Using the data below, print exactly the line with "Casa à venda", the line with "Cold Room PU Sandwich Panel With Cam Lock", and every line between them, but none of the pictures.

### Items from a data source
__________________________________________________

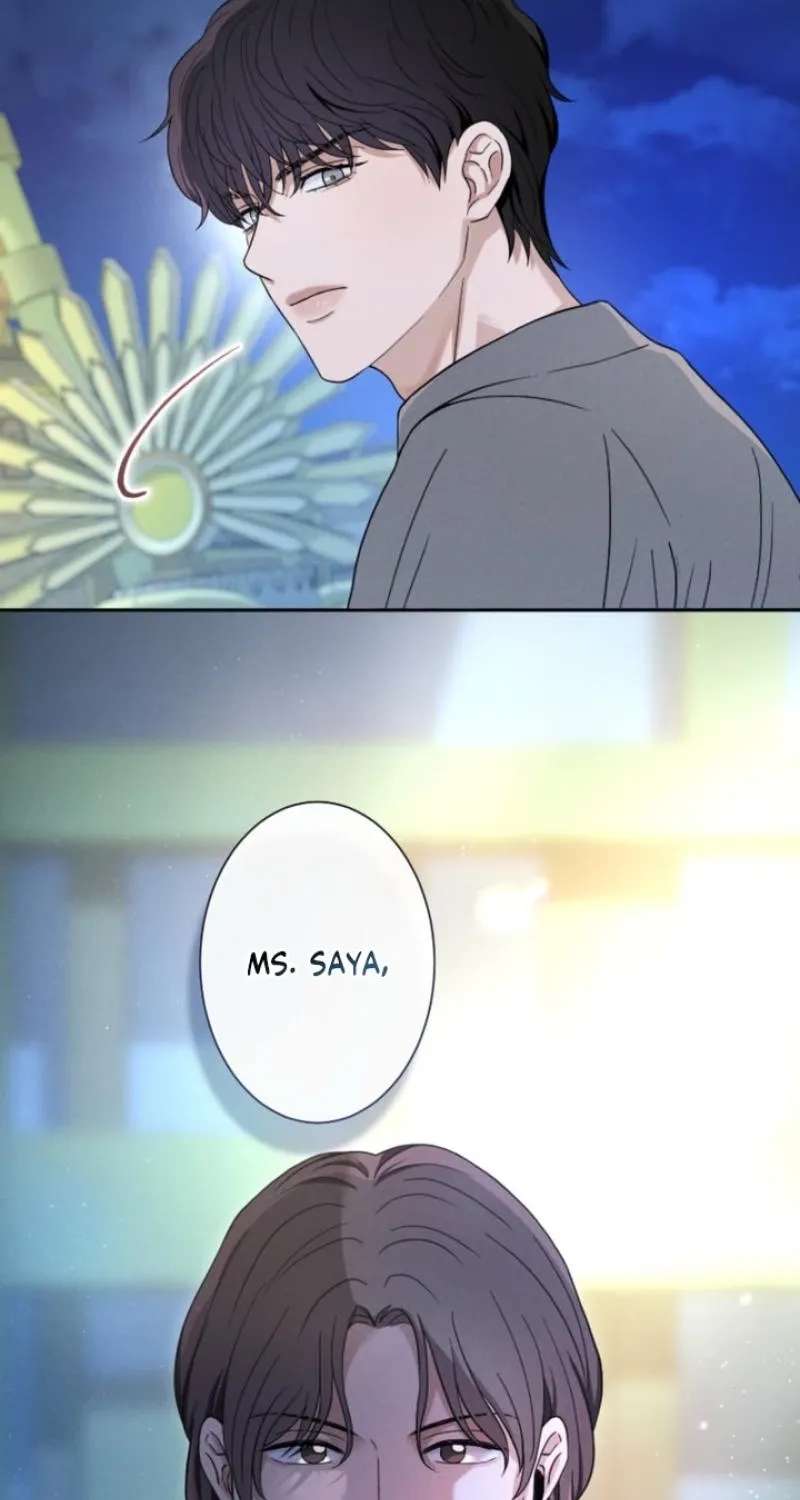 Love Wasn't Part of the Deal, Was It? Chapter 17 - page 29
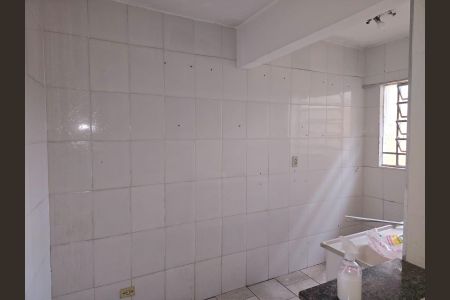Casa à venda com 210m², 4 quartos e 2 vagasCozinha / Casa 02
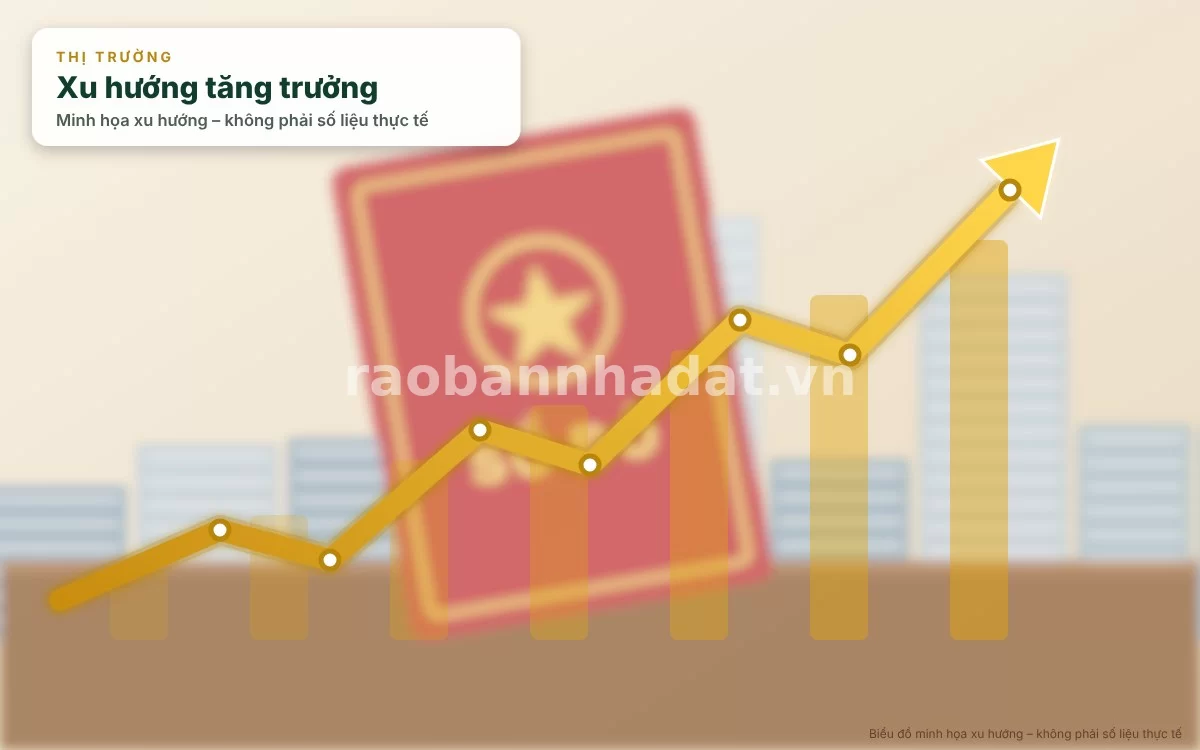 Có nên đầu tư bất động sản dài hạn trong năm 2026? Góc nhìn chiến lược và cơ hội bứt phá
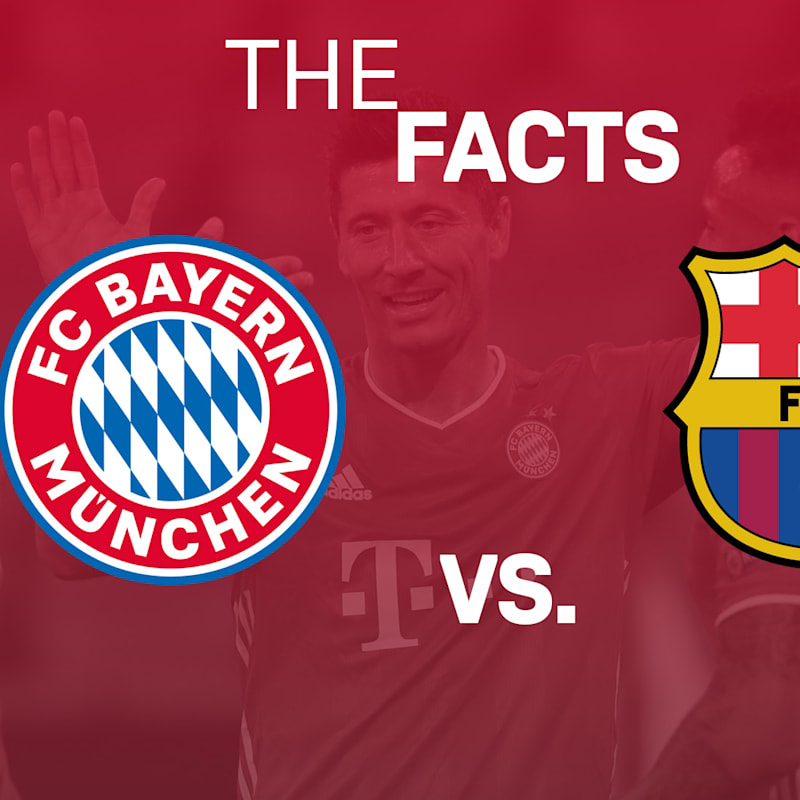 Barcelona clearance bayern tv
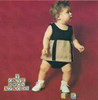 Knitting Pattern, Baby top & bottoms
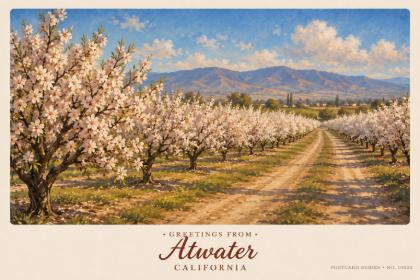 Atwater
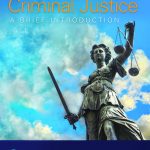 Criminal Justice book cover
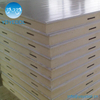 Cold Room PU Sandwich Panel With Cam Lock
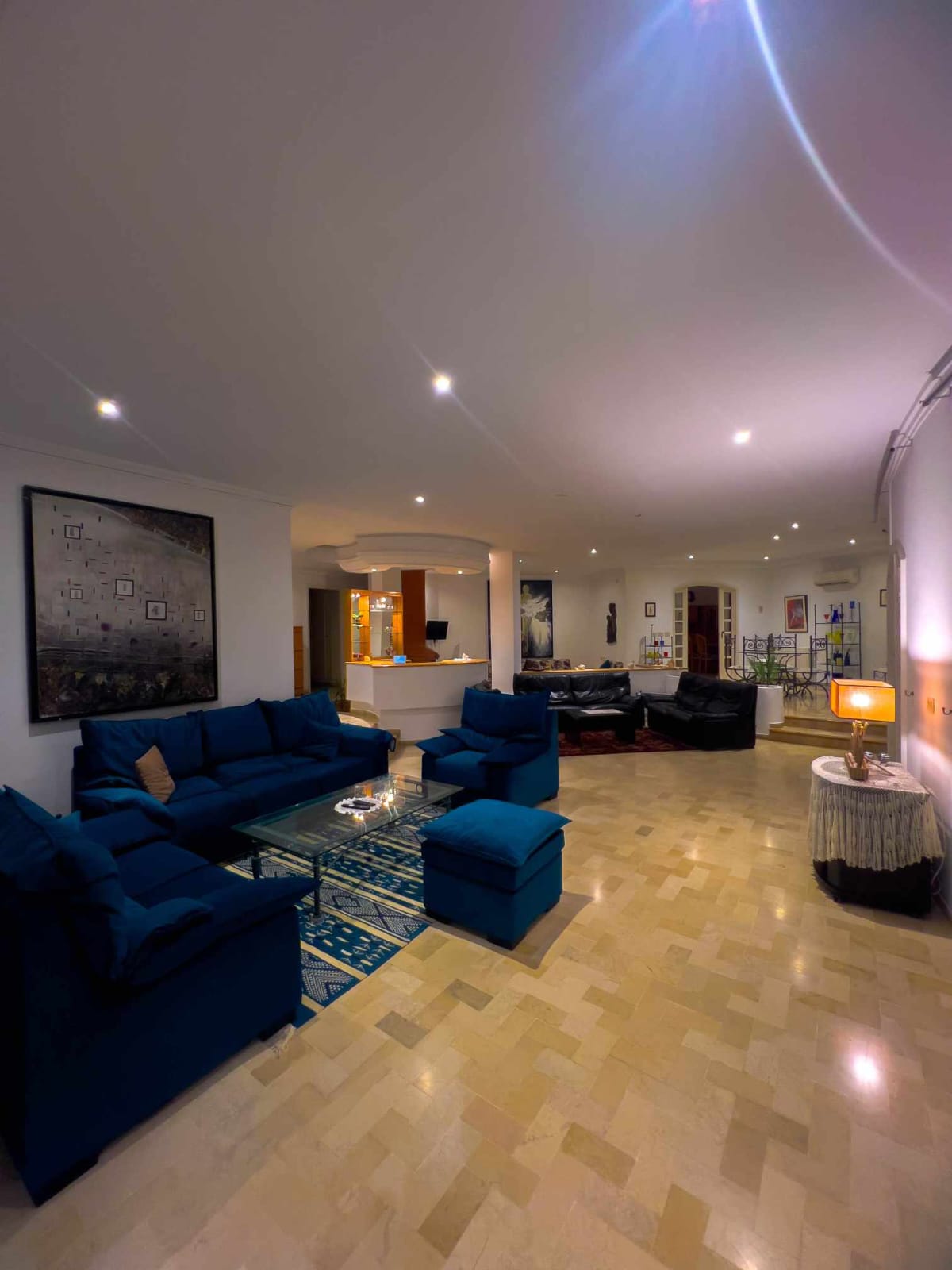 Sakiet Ezzit&nbsp;Sakiet Ezzit&nbsp;Location&nbsp;Maisons&nbsp;Villa meubl�e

__________________________________________________

### Problem solution
Casa à venda com 210m², 4 quartos e 2 vagasCozinha / Casa 02
 Có nên đầu tư bất động sản dài hạn trong năm 2026? Góc nhìn chiến lược và cơ hội bứt phá
 Barcelona clearance bayern tv
 Knitting Pattern, Baby top & bottoms
 Atwater
 Criminal Justice book cover
 Cold Room PU Sandwich Panel With Cam Lock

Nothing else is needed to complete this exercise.